Michelle, your honesty has made every woman’s pain easier to bear
STUFF goes wrong. The human body is complex and mysterious, so it’s inevitable that from time to time, it doesn’t work properly. Luckily, for most of us, most of the time, our bodies’ shortcomings, failings and flaws are minor afflictions easily treated – and the worst we feel is frustrated that they happened in the first place. I’m always disappointed that I get so many colds. Given how much I run and work out, I feel a little hard done by that I now have arthritis in my right big toe. I was born with a minor kidney abnormality that I need to be vigilant about. But even taking the sum of those parts into consideration, I can’t say that I look in the mirror and feel that my body has made me a failure.
But I have done just that. Like most women who have suffered miscarriage, I felt that it was my fault. Something I had done, something I should have done, something my body should have managed better. The pregnancy failed because I failed.
Michelle Obama failed too. Speaking ahead of the publication of her memoir, the 54-year-old former First Lady has revealed for the first time that she suffered a miscarriage more than 20 years ago and that she subsequently conceived her two daughters through IVF. Of her miscarriage, she told an American TV interviewer: ‘I felt lost and alone, and I felt like I failed because I didn’t know how common miscarriages were, because we don’t talk about them.’
Kathryn Thomas, who gave birth to a healthy baby girl earlier this year, has described how she felt ‘defeated’ when she suffered two miscarriages during a prolonged attempt to get pregnant. And last year, Serena Williams almost died after giving birth by caesarean section in a US hospital.

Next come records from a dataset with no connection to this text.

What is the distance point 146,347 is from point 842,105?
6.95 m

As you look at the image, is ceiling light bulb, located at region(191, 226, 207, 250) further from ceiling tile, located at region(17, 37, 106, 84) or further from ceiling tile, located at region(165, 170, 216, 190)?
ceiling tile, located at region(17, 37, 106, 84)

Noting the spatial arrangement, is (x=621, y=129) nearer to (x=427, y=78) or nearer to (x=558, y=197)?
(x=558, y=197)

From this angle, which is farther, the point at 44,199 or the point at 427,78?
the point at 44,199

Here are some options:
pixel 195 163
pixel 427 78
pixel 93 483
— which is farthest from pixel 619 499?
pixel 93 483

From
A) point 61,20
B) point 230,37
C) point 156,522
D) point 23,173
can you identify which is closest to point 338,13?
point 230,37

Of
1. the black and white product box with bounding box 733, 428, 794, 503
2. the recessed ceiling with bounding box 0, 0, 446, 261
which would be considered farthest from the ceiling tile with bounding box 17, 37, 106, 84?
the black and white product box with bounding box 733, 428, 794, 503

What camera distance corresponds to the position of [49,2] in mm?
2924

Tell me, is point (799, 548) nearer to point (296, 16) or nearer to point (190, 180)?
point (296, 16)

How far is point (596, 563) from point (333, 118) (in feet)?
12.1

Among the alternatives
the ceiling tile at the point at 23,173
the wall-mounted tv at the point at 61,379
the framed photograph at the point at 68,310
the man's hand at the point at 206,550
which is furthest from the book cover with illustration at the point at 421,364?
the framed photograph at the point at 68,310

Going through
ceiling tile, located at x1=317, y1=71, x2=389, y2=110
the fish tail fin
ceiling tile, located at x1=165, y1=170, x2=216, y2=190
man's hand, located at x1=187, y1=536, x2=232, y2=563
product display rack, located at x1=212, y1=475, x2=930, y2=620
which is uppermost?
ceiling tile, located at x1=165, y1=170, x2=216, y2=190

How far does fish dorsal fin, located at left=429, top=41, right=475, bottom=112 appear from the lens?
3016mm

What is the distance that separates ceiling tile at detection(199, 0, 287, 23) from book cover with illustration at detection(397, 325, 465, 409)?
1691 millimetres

Right now, there are women staring at themselves in the mirror and seeing failures. Women who are struggling to conceive, women who have given up trying to conceive. Women who have suffered miscarriages or birth complications. Women who have had caesarean sections when they desperately wanted a natural birth. We look in the mirror and we don’t think of a hugely successful, whip-smart woman who made history by becoming the first black First Lady. We don’t think of a tennis champion who is the greatest athlete in history. We don’t think of the super-fit, super-healthy Irish woman who is poster girl for both Operation Transformation and Ireland’s Fittest Family. All we see is our own failures.
Which is why it’s really important for women like Michelle Obama, like Kathryn Thomas and Serena Williams, to speak out about their own difficulties with fertility, pregnancy and childbirth. Because if these apparently magnificent, confident, successful examples of womanhood can ‘fail’ too, isn’t it just possible that the struggles so many of us go through in our childbearing years isn’t failure at all?
Michelle Obama says she’s sharing her obstetric history now because she wants to let other women know how universal the experience of miscarriage is. ‘We sit in our own pain, thinking that somehow we’re broken. That’s one of the reasons why I think it’s important to talk to young mothers about the fact that miscarriages happen.’
CONCEPTION, pregnancy and childbirth will always be the most emotional time of women’s lives. Even women who choose not to have children appreciate how that choice is made through a labyrinth of emotions and hormones. I’ve sat beside friends and colleagues and held their hands as they cried and cried over IVF cycles that didn’t work, over future IVF cycles they couldn’t afford. I have been in a hospital ward with other women who had miscarried and I can testify that it’s one of the saddest rooms I’ve ever been in. I watched my premature daughter lie in an incubator in an intensive care unit and considered all the ways I had caused that to happen. And for shame, I have looked down on my big, beautiful, newborn son suckling at my breast for the first time and because I had just had another C-section, I have felt like a failure.
We’re none of us failures. If we break a bone, we don’t beat ourselves up. If we catch a cold, we don’t consider ourselves lesser mortals. Stuff goes wrong – and when it comes to the extraordinary, complicated business of procreation, then the capacity for stuff to go wrong is even higher. And it can happen to anybody. Even to the strongest bodies in the world.
The Obamas have said that one of their greatest regrets is that they didn’t get ObamaCare embedded in the US health system during their time in the White House. Maybe now, by sharing her own difficulties with fertility and childbirth with the millions of women who, like her, like me, have considered themselves failures, then Michelle Obama might just have done a far greater service.